On all three datasets, the proposed Evo-Transformer-DRL consistently delivered superior performance compared to the baselines. It achieved 99.19% accuracy, 99.63% recall, and 99.85% AUC on SWAT, which is significantly higher than all competing models. On WADI, the framework obtained 98.67% accuracy, 99.07% recall, and 99.52% AUC, again surpassing both transformer-based and classical approaches. Even on the more challenging BATADAL dataset, Evo-Transformer-DRL maintained strong performance with 98.21% accuracy, 98.73% recall, and 99.14% AUC, whereas models such as CNN and SVM failed to exceed 85%. The ablation analysis also confirmed that while each component (transformer, DRL, and IGWO) individually improved detection, their integration into Evo-Transformer-DRL provided the most substantial and consistent gains.
Beyond detection performance, the framework demonstrated excellent stability and efficiency. Variance values across runs were close to zero (e.g., 0.000005 on SWAT and 0.000092 on BATADAL), indicating robust and repeatable results. Statistical tests further verified that improvements were highly significant, with p-values well below 0.01. In terms of runtime, Evo-Transformer-DRL reached RMSE <15 in 38 seconds, RMSE <6 in 78 seconds, and RMSE <2 in 109 seconds, while none of the baselines managed to meet the strictest error threshold. Convergence curves highlighted that our model stabilized faster and at lower RMSE values than all alternatives, and ROC curves consistently hugged the upper-left boundary, reflecting excellent separability between normal and attack classes. These findings show that the framework not only delivers state-of-the-art accuracy but also ensures stability, efficiency, and real-world practicality for securing Industry 4.0 water infrastructures.

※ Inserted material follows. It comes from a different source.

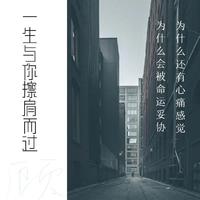 不挽留没回头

By combining transformer-based temporal feature extraction, RL–driven adaptability, and IGWO-based hyper-parameter optimization, the architecture achieves not only state-of-the-art accuracy but also stability and computational efficiency across diverse real-world datasets. The results show that the framework consistently delivers near-perfect detection performance, converges faster than competing methods, and maintains robustness with minimal variance, making it well-suited for deployment in critical industrial environments. In practical terms, this means that operators of water treatment and distribution systems can rely on Evo-Transformer-DRL to provide timely, consistent, and scalable protection against sophisticated cyberattacks, ensuring both operational continuity and public safety.
For future work, several promising directions can be explored. On the application side, extending the framework beyond water infrastructures to other Industry 4.0 domains such as power grids and transportation systems would validate its versatility under diverse cyber-physical environments, while incorporating multi-modal data (e.g., network traffic logs alongside sensor readings) could further enhance detection robustness. On the architectural side, lightweight variants of Evo-Transformer-DRL could be developed for deployment on edge and IoT devices with limited resources, and ensemble strategies combining multiple evolutionary optimizers may yield even stronger stability and convergence guarantees. These directions would broaden the applicability and scalability of the framework in real-world industrial cybersecurity.